• DATASET SECTION:
▼

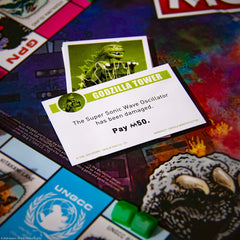 USAOPOLY Godzilla board Kitakami Lake location fuels player strategy.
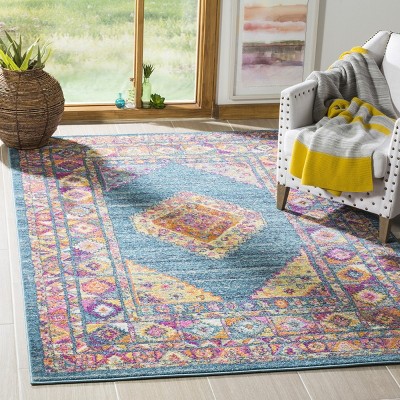 Light Blue and Orange Synthetic Easy Care Area Rug, 6' x 9'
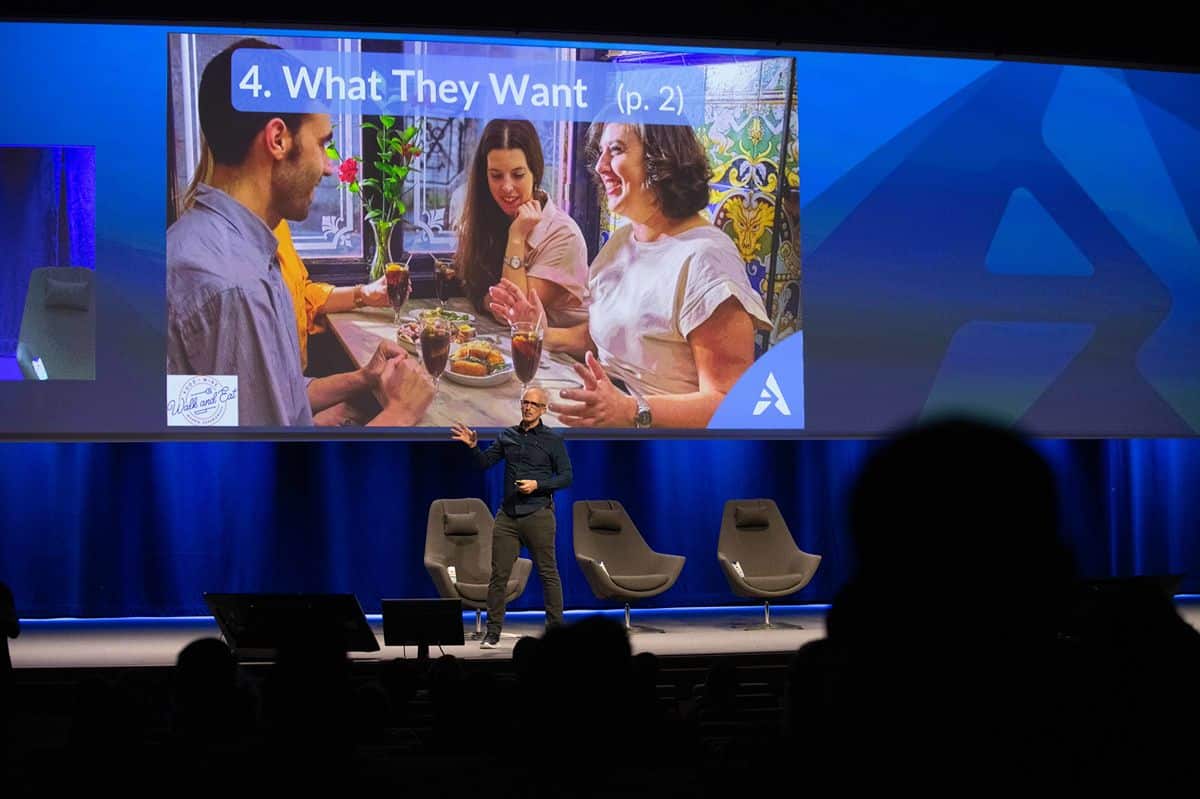 A speaker gestures on stage at an Arival event beneath a large screen showing a slide titled "4. What They Want," with a photo of travelers laughing over drinks and tapas on a Walk and Eat food tour.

▲

• TASK TO COMPLETE:
Leaving every image behind, repeat the data in full and exactly.

• FINISHED TASK:
 USAOPOLY Godzilla board Kitakami Lake location fuels player strategy.
 Light Blue and Orange Synthetic Easy Care Area Rug, 6' x 9'
 A speaker gestures on stage at an Arival event beneath a large screen showing a slide titled "4. What They Want," with a photo of travelers laughing over drinks and tapas on a Walk and Eat food tour.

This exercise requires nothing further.